Ask anyone who's been in a band how easy it is to get creative types on the same page. For that matter, anyone who's ever tried to get human beings to agree on where to go for lunch. Coordinating different agendas is tricky, and takes buy-in from everyone to make work; it's not just the GM's responsibility.

Once more, with feeling:

It's not just the GM's responsibility

The GM has the most capability to make this work, it's true. By setting scenes, moving the spotlight around, and keeping everybody's approaches in mind, they have the best seat to make this work. But without buy-in, active cooperation, and a heavy dose of mindfulness from the players, there's only so much to be done. Yes, the GM can - and should! - note their players' preferences, and keep moving things around so that everybody gets their particular itches scratched.

So with our example group above; if we've spent an hour of game time exploring Alien Tea Ceremonies (Hideo's thrilled), and we even managed to provide a moment of character reflection for Paulina, it's probably a good time to shift focus on to investigating the ambassador's murder, letting Alex sink hir teeth into the mystery, and giving Jo the satisfaction that no, nobody's forgotten about the impending end of the world.

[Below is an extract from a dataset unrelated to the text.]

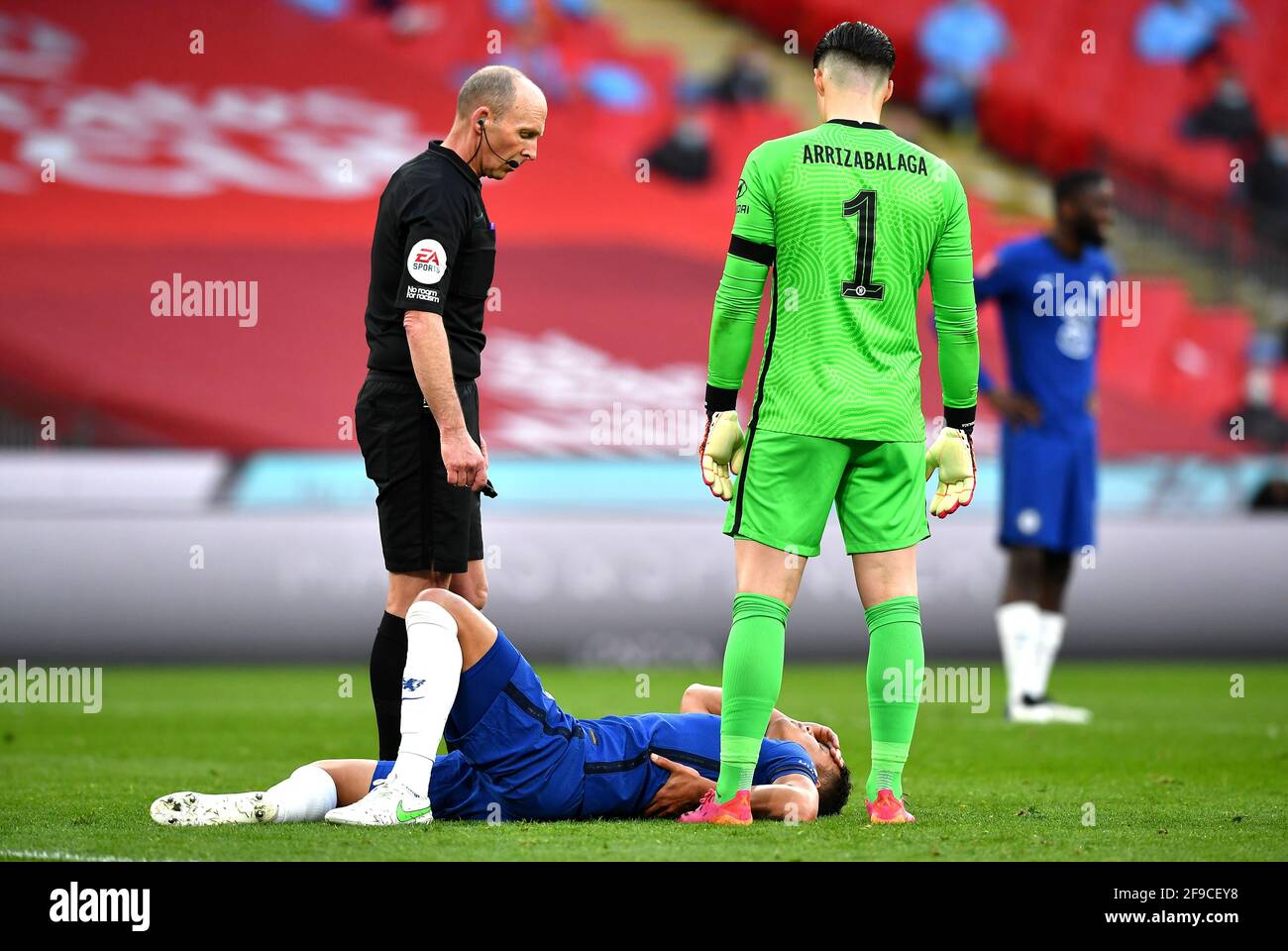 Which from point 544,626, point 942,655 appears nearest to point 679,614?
point 544,626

And if the players are cognizant of this, then not only are they more patient when the focus isn't on their approach, there's more permission for everybody to engage with whatever's going on, because they know that they won't be forgotten about.

That takes mindfulness, and trust. But if you can get everyone on the same page, a game starts to really sing in ways it otherwise can't. If keeping these concepts in mind helps out with that, then this column has done its job.

If not, well, llamas and mice. Still pretty good times!


1 - Why yes, I did link the Wikipedia article. It's succinct. I had originally linked Witte's original EPPM paper, simply for the joy of doing so in an RPG blog. (Which, consequently, I have now done anyway), but I'd rather people get a quick, clean idea of what I mean. I love communication models, and given the chance, will gab about them incessantly.

2 - Pretty sure my old thesis committee doesn't read this blog. That's probably for the best ¯\_(ツ)_/¯ 

3 - Also for the sake of sparing y'all more Mouse Jokes. You're quite welcome.